The railway bridge once carried the Churnet Valley Line which left the main line from Stoke to Manchester at North Rode, just to the west of lock 2. Bosley railway station was located by lock 5, and the railway passed through Leek to reach Uttoxeter. Part of it is now preserved as the Churnet Valley Railway.

Because of the short distances between the locks, most of the intervening pounds are extended sideways, in order to increase their volume, and lessen the changes in level when a lock full of water is emptied into the pound by a boat descending the flight or removed from the pound to fill the lock below as a boat ascends. The locks are built of rusticated red gritstone, and most are grade II listed structures. The listing includes the ponds to the west of each of the locks. Daintrys Road Bridge has an elliptical arch, and is built of reddish-buff ashlar gritstone, as is Peckerpool Wood Bridge. Both date from the opening of the canal. Swindalls Bridge is a farm accommodation bridge, and is also built of gritstone blocks. The aqueduct that carries the canal over the River Dane below lock 12 is 45 ft high and has a semi-circular arch with a span of 35 ft. Bosley Reservoir, the main source of water for the canal, is situated about 1 mi to the east of the flight, and a feeder supplies water to the summit pound just above the top lock.

==Features==

How a lock with a side pond works

The locks are unusual for narrow canals, in that they are fitted with mitre gates at both top and bottom, as opposed to the more usual clapper top gate. The chambers are constructed from large blocks of stone, with mason's marks visible on many of them. The locks were equipped with side ponds to save water, but these were taken out of use many years ago, although they still function as overflow channels. The frames for the paddle gear are still visible at four of them.

Lock ponds are ponds which are maintained at an intermediate level between the upper pound and the lower pound.

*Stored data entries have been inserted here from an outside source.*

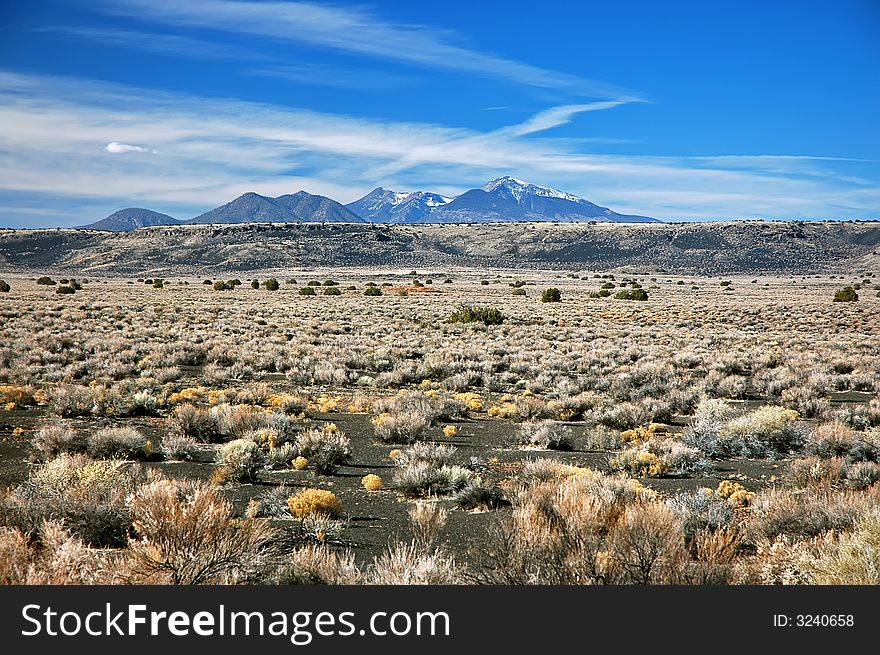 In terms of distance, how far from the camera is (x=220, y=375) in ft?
55.0

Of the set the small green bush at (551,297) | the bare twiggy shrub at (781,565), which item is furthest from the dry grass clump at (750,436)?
the small green bush at (551,297)

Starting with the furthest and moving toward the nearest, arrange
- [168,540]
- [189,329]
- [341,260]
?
[341,260], [189,329], [168,540]

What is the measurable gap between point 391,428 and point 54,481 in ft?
17.6

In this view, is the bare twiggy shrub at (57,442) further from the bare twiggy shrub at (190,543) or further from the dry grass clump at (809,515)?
the dry grass clump at (809,515)

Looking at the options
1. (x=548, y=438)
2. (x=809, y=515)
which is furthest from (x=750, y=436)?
(x=809, y=515)

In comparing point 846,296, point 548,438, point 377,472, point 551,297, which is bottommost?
point 377,472

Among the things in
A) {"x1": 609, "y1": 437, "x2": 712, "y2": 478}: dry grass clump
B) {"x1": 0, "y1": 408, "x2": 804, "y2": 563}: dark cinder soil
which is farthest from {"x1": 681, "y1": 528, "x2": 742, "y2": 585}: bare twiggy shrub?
{"x1": 609, "y1": 437, "x2": 712, "y2": 478}: dry grass clump

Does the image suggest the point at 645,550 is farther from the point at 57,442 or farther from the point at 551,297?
the point at 551,297

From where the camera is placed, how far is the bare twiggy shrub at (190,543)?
4.28 m

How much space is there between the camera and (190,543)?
455cm

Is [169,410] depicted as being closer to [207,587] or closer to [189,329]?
[207,587]

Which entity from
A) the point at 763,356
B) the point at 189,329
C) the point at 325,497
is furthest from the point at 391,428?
the point at 189,329

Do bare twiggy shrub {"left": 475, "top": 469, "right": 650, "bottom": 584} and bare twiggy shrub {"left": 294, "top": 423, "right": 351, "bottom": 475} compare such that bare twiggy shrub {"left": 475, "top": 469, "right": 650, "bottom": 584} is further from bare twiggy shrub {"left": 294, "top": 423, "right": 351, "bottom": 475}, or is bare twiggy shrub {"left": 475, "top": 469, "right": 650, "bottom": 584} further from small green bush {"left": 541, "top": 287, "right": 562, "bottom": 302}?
small green bush {"left": 541, "top": 287, "right": 562, "bottom": 302}

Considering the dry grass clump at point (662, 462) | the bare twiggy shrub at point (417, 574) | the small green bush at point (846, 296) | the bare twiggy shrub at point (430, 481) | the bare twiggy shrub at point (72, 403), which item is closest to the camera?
the bare twiggy shrub at point (417, 574) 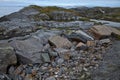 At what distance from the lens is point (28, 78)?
12.3 metres

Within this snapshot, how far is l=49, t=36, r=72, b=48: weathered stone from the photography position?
15352mm

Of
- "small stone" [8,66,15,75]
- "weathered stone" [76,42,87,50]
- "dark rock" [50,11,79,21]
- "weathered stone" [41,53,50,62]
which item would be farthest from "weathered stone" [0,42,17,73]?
"dark rock" [50,11,79,21]

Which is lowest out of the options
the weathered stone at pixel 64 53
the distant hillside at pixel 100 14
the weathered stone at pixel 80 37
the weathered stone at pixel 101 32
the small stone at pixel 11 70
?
the distant hillside at pixel 100 14

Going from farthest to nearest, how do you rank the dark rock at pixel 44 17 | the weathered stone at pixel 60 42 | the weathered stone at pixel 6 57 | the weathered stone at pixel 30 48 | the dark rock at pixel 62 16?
1. the dark rock at pixel 44 17
2. the dark rock at pixel 62 16
3. the weathered stone at pixel 60 42
4. the weathered stone at pixel 30 48
5. the weathered stone at pixel 6 57

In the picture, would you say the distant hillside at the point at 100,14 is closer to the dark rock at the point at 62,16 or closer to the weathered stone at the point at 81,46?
the dark rock at the point at 62,16

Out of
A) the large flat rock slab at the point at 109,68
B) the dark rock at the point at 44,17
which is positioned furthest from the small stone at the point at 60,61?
the dark rock at the point at 44,17

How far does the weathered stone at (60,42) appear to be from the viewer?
1535 cm

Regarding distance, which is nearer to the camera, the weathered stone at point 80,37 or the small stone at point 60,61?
the small stone at point 60,61

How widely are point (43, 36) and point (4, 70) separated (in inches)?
192

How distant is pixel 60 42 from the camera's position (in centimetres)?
1563

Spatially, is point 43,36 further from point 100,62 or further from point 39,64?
point 100,62

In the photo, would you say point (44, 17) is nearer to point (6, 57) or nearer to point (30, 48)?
point (30, 48)

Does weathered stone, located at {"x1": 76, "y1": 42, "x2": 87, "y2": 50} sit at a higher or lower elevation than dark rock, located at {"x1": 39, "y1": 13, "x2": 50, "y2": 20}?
higher

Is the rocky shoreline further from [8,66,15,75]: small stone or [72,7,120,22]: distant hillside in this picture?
[72,7,120,22]: distant hillside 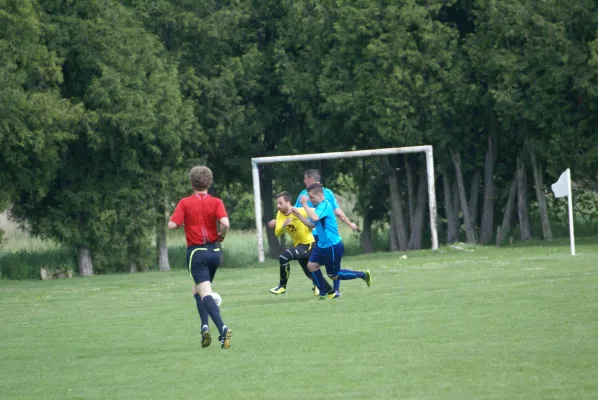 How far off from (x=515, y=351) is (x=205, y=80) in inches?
1191

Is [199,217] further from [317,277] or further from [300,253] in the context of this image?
[300,253]

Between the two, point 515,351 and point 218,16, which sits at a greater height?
point 218,16

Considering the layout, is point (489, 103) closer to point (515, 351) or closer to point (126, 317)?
point (126, 317)

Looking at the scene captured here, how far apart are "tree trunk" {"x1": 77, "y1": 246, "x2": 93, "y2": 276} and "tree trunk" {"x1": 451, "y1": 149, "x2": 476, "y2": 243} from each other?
39.2 feet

When a lock is emptying, water from the top of the lock fills the pond, and the rest is discharged to the lower pound. When the lock is filling, water from the pond fills the bottom of the lock, and the rest is then drawn from the top pound. By careful design of the size and level of the ponds, those at Bosley managed to re-use about 40 per cent of the water in this way. The bottom of each lock was connected by a culvert to the bottom of its pond, and a paddle controlled the flow of water through the culvert. The paddle had to be capable of sealing the culvert against flow in either direction, since when closed it had to prevent the lock from emptying when it is full, and from filling when it is empty.

British Waterways, in conjunction with the Macclesfield Canal Society, are hoping to restore one of the side ponds to enable its operation to be demonstrated, although it is likely that it will only be used for demonstrations, rather than in normal operation of the lock. In 2008 the side pond adjacent to lock 4 was cleared and investigated. Although the paddle gear was beyond repair, enough of it was left to see that it included a counterbalance mechanism, and the stonework of the pond was still in good condition. The culverts are currently bricked up, and the brickwork will have to be removed if the side pond is returned to service.

Each of the locks has a stone overflow weir on its towpath side, just above the top gates. A stone culvert runs under the towpath to feed the water into the side pond, which also has an overflow weir at its lower end. Another culvert feeds excess water back into the canal below the bottom gates of the lock.